HOWTO: Create your own PCB Island Pad cutter tool

Greetings. After Bill Meara posted my Mighty Mite design on his SolderSmoke blog, a lot of folks found there way to my Transistor Islands post. I think it would be helpful for others if I shared a bit more about how I make my island cutters. First, I must state that in no way is this an original design. I owe great homage to all the homebrewers who have contributed there own techniques of making island pads on copper clad. It took me trying a lot of different ways of rapid prototyping to find that I enjoyed this method the most. I should mention that when I am building a final (non-experimental/prototype) version of a circuit, I make the layout different than the island pad method. I will make a post about that method at a later date.

Always wear safety glasses and a respirator mask when cutting into copper clad material. The resultant powder can be very dangerous.

Here is my "method":

 I make them from Wood Carving Set from a Hobby Store.

I use an off-brand "dremel" type rotary tool. It is much less powerful than my Dremel brand rotary tool which I find actually helps as it gives me more control when making the blades.

Here is a very crude template for the general shape I cut the wood carving blades into for use as an island pad cutter. If you are going to fit them in metal utility knife handles, the bottom / base of the blade must be shortened to fit the metal handle (at least in my case).

                                             I've made some by cutting the Wood Carving blade while it is still in its original wooden handle.

 I have also made them by removing the wood carving blade from the wooden handle and using a Panavise to hold the blade while I cut it to the desired shape.

 Remove the blade from an X-acto type utility knife. Reduce the size of the bottom/base of the island cutter blade that you make so that it will fit snuggly in the utility knife's metal handle. It makes for a sturdy and attractive island cutter

 I find that using one of these types of files, which I believe are used for sharpening chainsaw blades, makes it easy to keep your Island Cutter nice and sharp after regular use.

 Here we see three island cutters that I made from the wood carving set. One is in the original wooden handle while the other two are in metal utility knife handles. there is an example island to the left.

 Here I begin the process of creating an island by press firmly down on the copper clad. I put a bit more pressure on the side of the blade that will act as the pivot
 Rotate the tool around the pivot, dragging the other side of the blade across the surface of the copper, applying enough pressure to carve just enough of the surface off and expose the FR4 (or whatever your preferred board type) layer below.

 Rotate clockwise, rotate counter clockwise, dig into that clad and isolate your pad! This is fun!!

Within a few seconds, with a few twists of your mighty CW fist, you wil have a beautiful isolated island home for your precious RF components!

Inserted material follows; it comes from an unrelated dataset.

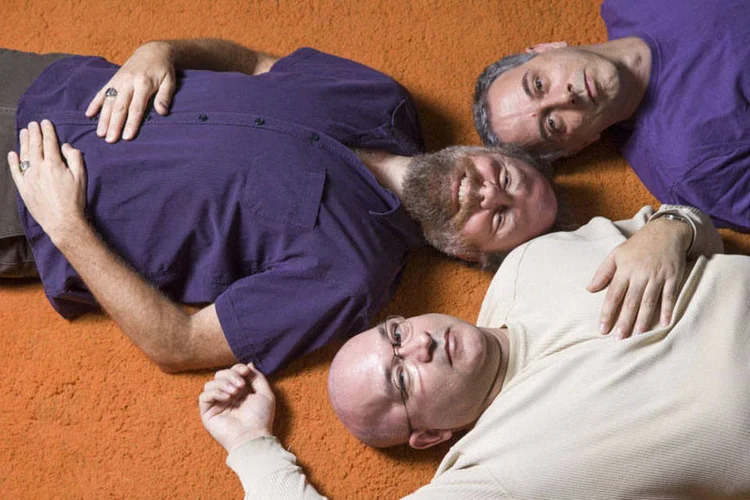 
	Os Paralamas do Sucesso 1983 - 2015, chega agora &agrave;s lojas com dois anos de atraso, por causa de uma turn&ecirc; em comemora&ccedil;&atilde;o aos 30 anos da banda, em 2013
 (Divulgação)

A scouring pad helps remove the copper debris from the carving process.

The most important part of the procedure, check continuity, make sure your island isn't a peninsula!

There you have it, folks. I hope that by illustrating it this way, anyone who didn't have a clear understanding of how to make islands on copper clad, will have such an understanding now. As I said in the beginning, I make no claims to originality. This is just my method. There are many others. I simply used what I had on hand to make this, purchasing nothing to build the island cutters, in the true spirit of homebrewing. Lets hear about how you make islands! Please share below. Maybe you are trying to make an island cutter similar to mine but having trouble, please feel free to ask questions or give feedback below or email me.

Thank you for your time, best wishes, keep your iron hot and stay fluxy!